The chimealns parameter allows you to indicate you would like a file containing multiple alignments of query sequences to parents in human readable format. Alignments show columns with differences that support or contradict a chimeric model.

minh

The minh parameter - mininum score to report chimera. Default 0.3. Values from 0.1 to 5 might be reasonable. Lower values increase sensitivity but may report more false positives. If you decrease xn you may need to increase minh, and vice versa.

mindiv

The mindiv parameter - minimum divergence ratio, default 0.5. Div ratio is 100%% - %%identity between query sequence and the closest candidate for being a parent. If you don't care about very close chimeras, then you could increase mindiv to, say, 1.0 or 2.0, and also decrease minh, say to 0.1, to increase sensitivity. How well this works will depend on your data. Best is to tune parameters on a good benchmark.

xn

The xn parameter - weight of a no vote. Default 8.0. Decreasing this weight to around 3 or 4 may give better performance on denoised data.

dn

The dn parameter - pseudo-count prior on number of no votes.
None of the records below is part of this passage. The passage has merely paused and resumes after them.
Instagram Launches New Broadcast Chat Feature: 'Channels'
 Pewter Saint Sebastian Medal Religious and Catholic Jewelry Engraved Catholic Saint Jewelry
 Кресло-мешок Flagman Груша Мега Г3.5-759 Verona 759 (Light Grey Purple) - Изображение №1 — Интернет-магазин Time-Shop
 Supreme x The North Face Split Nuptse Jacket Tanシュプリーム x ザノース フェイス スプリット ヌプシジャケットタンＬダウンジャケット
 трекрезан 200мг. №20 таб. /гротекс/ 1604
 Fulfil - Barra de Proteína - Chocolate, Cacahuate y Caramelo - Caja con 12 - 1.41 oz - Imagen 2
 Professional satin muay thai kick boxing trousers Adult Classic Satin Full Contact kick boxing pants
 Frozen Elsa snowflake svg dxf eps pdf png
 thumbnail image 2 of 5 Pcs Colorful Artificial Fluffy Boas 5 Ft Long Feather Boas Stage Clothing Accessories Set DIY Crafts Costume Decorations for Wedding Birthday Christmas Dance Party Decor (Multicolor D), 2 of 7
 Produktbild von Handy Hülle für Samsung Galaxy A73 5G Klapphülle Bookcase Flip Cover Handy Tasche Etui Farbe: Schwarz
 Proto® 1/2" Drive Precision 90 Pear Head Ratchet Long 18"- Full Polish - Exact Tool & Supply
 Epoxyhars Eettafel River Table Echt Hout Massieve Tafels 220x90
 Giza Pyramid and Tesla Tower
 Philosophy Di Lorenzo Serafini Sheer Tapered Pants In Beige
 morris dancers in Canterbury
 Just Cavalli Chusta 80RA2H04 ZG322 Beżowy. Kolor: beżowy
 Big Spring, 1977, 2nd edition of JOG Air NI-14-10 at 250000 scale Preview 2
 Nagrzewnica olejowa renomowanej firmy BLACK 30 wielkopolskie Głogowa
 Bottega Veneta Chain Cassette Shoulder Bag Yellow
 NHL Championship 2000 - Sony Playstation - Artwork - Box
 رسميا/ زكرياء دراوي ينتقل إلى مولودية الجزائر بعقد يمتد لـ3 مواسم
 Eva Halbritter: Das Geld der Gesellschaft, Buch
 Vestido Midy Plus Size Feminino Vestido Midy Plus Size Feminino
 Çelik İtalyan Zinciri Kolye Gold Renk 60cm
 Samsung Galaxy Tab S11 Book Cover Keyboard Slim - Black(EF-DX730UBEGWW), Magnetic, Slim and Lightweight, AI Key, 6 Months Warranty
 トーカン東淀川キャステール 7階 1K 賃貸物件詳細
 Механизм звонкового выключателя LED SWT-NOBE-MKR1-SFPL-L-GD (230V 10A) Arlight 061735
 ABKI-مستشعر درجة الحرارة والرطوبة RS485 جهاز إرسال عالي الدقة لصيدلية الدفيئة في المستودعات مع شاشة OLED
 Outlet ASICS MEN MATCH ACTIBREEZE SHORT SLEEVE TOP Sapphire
Default 1.4. Probably no good reason to change this unless you can retune to a good benchmark for your data. Reasonable values are probably in the range from 0.2 to 2.

xa

The xa parameter - weight of an abstain vote. Default 1. So far, results do not seem to be very sensitive to this parameter, but if you have a good training set might be worth trying. Reasonable values might range from 0.1 to 2.

chunks

The chunks parameter is the number of chunks to extract from the query sequence when searching for parents. Default 4.

minchunk

The minchunk parameter is the minimum length of a chunk. Default 64.

idsmoothwindow

The idsmoothwindow parameter is the length of id smoothing window. Default 32.

minsmoothid

The minsmoothid parameter - minimum factional identity over smoothed window of candidate parent. Default 0.95.

maxp

The maxp parameter - maximum number of candidate parents to consider. Default 2. In tests so far, increasing maxp gives only a very small improvement in sensivity but tends to increase the error rate quite a bit.

skipgaps

The skipgaps parameter controls how gapped columns affect counting of diffs. If skipgaps is set to T, columns containing gaps do not found as diffs. Default=T.

skipgaps2

The skipgaps2 parameter controls how gapped columns affect counting of diffs. If skipgaps2 is set to T, if column is immediately adjacent to a column containing a gap, it is not counted as a diff. Default=T.

minlen

The minlen parameter is the minimum unaligned sequence length. Defaults 10. Applies to both query and reference sequences.

maxlen

The maxlen parameter is the maximum unaligned sequence length. Defaults 10000. Applies to both query and reference sequences.

ucl

The ucl parameter - use local-X alignments. Default is global-X or false. On tests so far, global-X is always better; this option is retained because it just might work well on some future type of data.

queryfract

The queryfract parameter - minimum fraction of the query sequence that must be covered by a local-X alignment. Default 0.5. Applies only when ucl is true.

strand

Revisions

  • 1.22.0 Added group option
  • 1.22.0 mothur now calls the uchime executable.
  • 1.23.0 Paralellized for Windows.
  • 1.23.0 Added column headings to .chimera file.
  • 1.23.0 fixed bug with uchime executable location. - http://www.mothur.org/forum/viewtopic.php?f=4&t=1379
  • 1.28.0 Added count parameter
  • 1.28.0 Bug Fix - spaces in uchime path causing crash
  • 1.29.0 Added dereplicate and strand parameters.
  • 1.30.0 With count file and dereplicate=t will create a *.pick.count_table file.
  • 1.30.0 - Bug Fix: dereplicate=t, remove.seqs(dups=f) was not removing all redundant chimeras.
  • 1.32.1 Bug Fix: count table and dereplicate=t caused total=0 error message. - http://www.mothur.org/forum/viewtopic.php?f=4&t=2620
  • 1.33.0 Improved work balance load between processors when processing by group.
  • 1.36.0 Adds method tag to output files. - http://www.mothur.org/forum/viewtopic.php?f=5&t=3636&p=10748#p10748
  • 1.38.0 Error generated when filenames are too long for uchime program.
  • 1.39.0 Fixes Windows multiple processors with groups crash.
  • 1.40.0 Rewrite of threaded code. Default processors=Autodetect number of available processors and use all available.